Mumbai, Oct. 25: Hema Malini’s magic did not work all the way — the Bombay Stock Exchange opened and remained firm on the moorat trading day but the bellwether index did not go anywhere near the 5000-mark. All those die-hard optimists who expected the sensex to vault past the magic figure today in the presence of the Bollywood Dream Girl were disappointed but not disheartened.

They had reasons to be optimistic: when Hema was worshipping Goddess Lakshmi for the prosperity of equity investors, the man who can really turn the wheel of fortune during Samvat 2060 was standing close by and watching the high-voltage proceedings with interest.

Maintaining a very low profile during the ceremony, S. Ramadorai, chief executive officer of the Rs 5012-crore ($1.4 billion) Tata Consultancy Services, the biggest computer software company in the country, was present along with his wife Mala.

Wearing a formal striped shirt, unlike the business suits that he often wears, Ramadorai stood there soaking in the ambience, maybe conscious about the fact that one day he may take centre stage when the much-speculated TCS public issue makes its debut.

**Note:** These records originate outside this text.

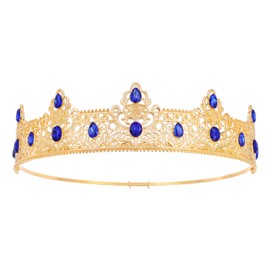 King Crowns for Men Male Prince Diadem Royal Medieval Renaissance Crown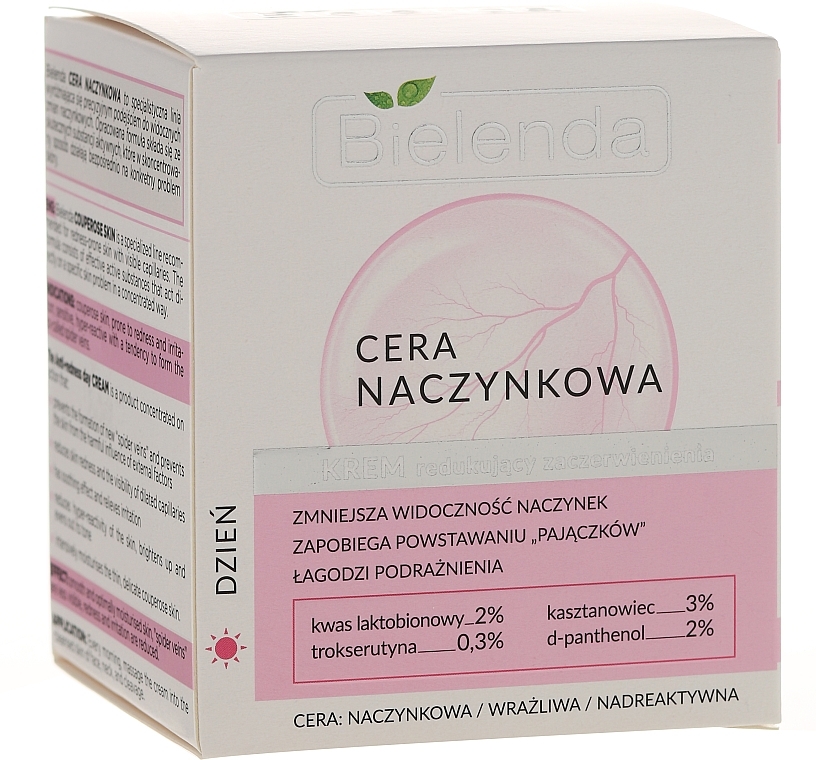 Anti-Redness Day Cream - Bielenda Capillary Skin Anti-Redness Face Cream — photo N6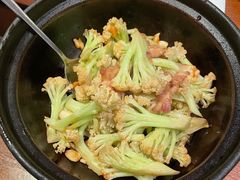 干锅有机菜花免辣-南拳十三姨·潮汕砂锅粥(世纪金源店)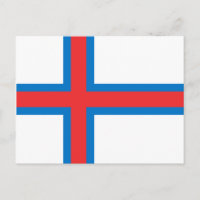 Faroe Islands Flag Postcard
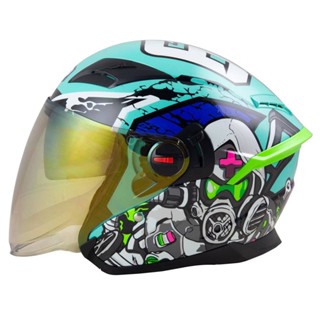 หมวกกันน็อค RANDOM HELMET Air Force - BIO19 ฟ้ามิ้นท์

Hema Malini, came a little late, usual for film stars, as brokers waited anxiously, eager to get back to their offices for puja and trading. The moorat trading saw attractive volumes as exchange officials decided to club the trades with the coming Monday’s settlement.

The matter-of-fact BSE brokers were less enamoured by Hema’s presence. “There is your man (pointing at Ramadorai). This year’s biggest story,” said a BSE broker but kept away from the man who preferred to stay aloof.

Asked whether he will make the biggest story for the markets, Ramadorai just laughed.

“No comments,” was his reply with a gentle pat on the reporter’s back when he was prodded whether the issue will be floated this financial year.

Trying to divert the talk from the mega issue, Ramadorai insisted that “I am here because of our association with BSE.”

“You see, we have provided the technological support through CMC Ltd,” the computer technology company that was taken over by the Tatas some years ago.

“And I was here when BSE celebrated its 125th anniversary,” Ramadorai said in an effort to dispel any speculation that the proposed TCS flotation brought him to Pheroze Jeejeebhoy Towers.

Asked when he would return to BSE to ring the symbolic bell when TCS debuts on the bourses, Ramadorai remained mum.

Some months ago in an interview to a business daily, Tata group chairman Ratan Tata had indicated that the country’s largest software firm would complete a prospectus within six weeks but a possible stock offering would not take place until the end of the year.

An initial public offering could value TCS at Rs 32,500 crore, more than the value of the group’s 29 listed companies. A flotation of even a 10 per cent stake could rival the Reliance issue in 1993 as the nation’s biggest deal ever and would be three times that of Maruti’s Rs 993-crore initial public offer made this year.

For Ramadorai, the heartening news is that the sensex gained almost a percentage point today and closed at 4802.28, a rise of 44.91 points.

The BSE teck stock, where TCS will figure when it gets listed, also saw an impressive rise of 9.13 points to 1033.44.

“The recent turnaround of technology companies is a good sign,” said a BSE broker.

While Ramadorai preferred to stay aloof, TV cameras had their lenses fixed on Hema Malini. “I am happy to be here. This is the place where the country’s wealth is created. So much wealth that you enrich not only yourself, but our society also.”

Our professions have a lot of similarities, she told the brokers. “Artists entertain people giving them happiness and you as financial experts create so much wealth and so much joy.”

She also promised that as a member of the Rajya Sabha she will try to understand the problems associated with the financial markets and contribute to the policy decisions of the government.

And before Hema Malini left Dalal Street she had a piece of advice for the brokers: “The wealth you have created should be for a higher objective, it should be for the good of the country,” she said, obviously reminding them of the financial scams that have often succeeded bull runs.